Vila, captain of Portola’s ship San Carlos, was one of several members of the expedition to keep a diary of the 1769 journey. It is from Vila’s journal that we find the earliest reference to La Playa Trail. On May 1 that year, the San Carlos anchored inside of Ballast Point along La Playa, the western shore of San Diego Bay.
“At 9 o’clock in the evening, the launch returned,” Vila recorded. The landing party described a well-worn path leading north along the base of the hill. “The officers and the missionary fathers reported that they had walked about three leagues [six to seven miles, or roughly three hours’ march] along the shore, and at that distance, had come to an Indian rancheria on the banks of a river with excellent water.”
This would have been the Kumeyaay village of Cosoy (Kosa’aay), a settlement of some 30 to 40 families, very near present-day Taylor Street at the foot of Presidio Hill.

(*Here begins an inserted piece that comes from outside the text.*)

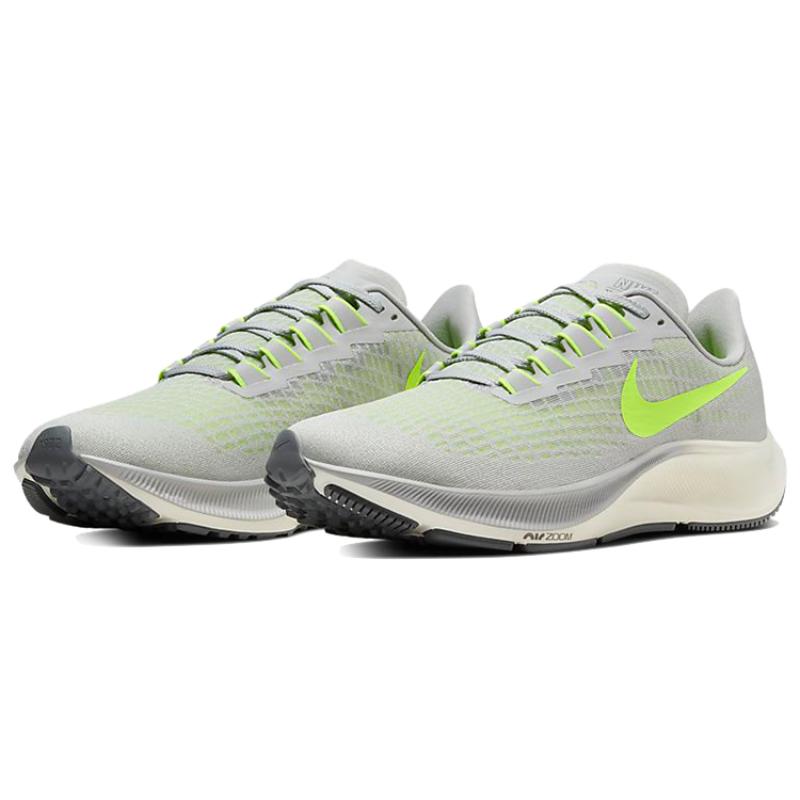 Nike Кроссовки Air Zoom Pegasus 37 Grey Fog Volt Smoke Grey Sail BQ9646-003
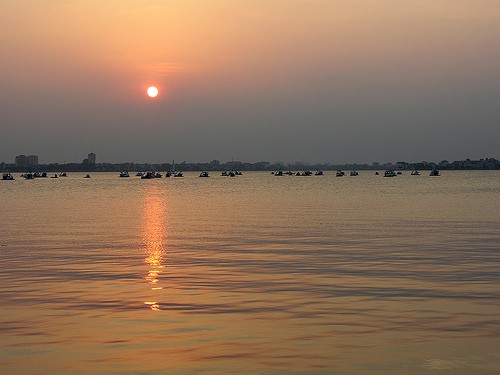 游览西湖美景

In an act of charity, the Cosoy villagers shared their good drinking water with the Spaniards, many of whom were sick with scurvy and worse.

From that point forward for roughly a century, everything and everybody coming and going from Presidio de San Diego, and later Mission San Diego de Alcala and the tiny San Diego pueblo that we call Old Town, came overland from the anchorage at Ballast Point along the old road from La Playa.
About 250 years is a good round number to delineate the scope of the written history of La Playa Trail, but its story is much older. The Kumeyaay had a settlement, at least seasonally, at Ballast Point since the 1300s. But our La Playa Trail is much older still. Anthropologists believe the ancestors of the Kumeyaay had been traveling that way, fishing and gathering shellfish along La Playa, for more like 10,000 years.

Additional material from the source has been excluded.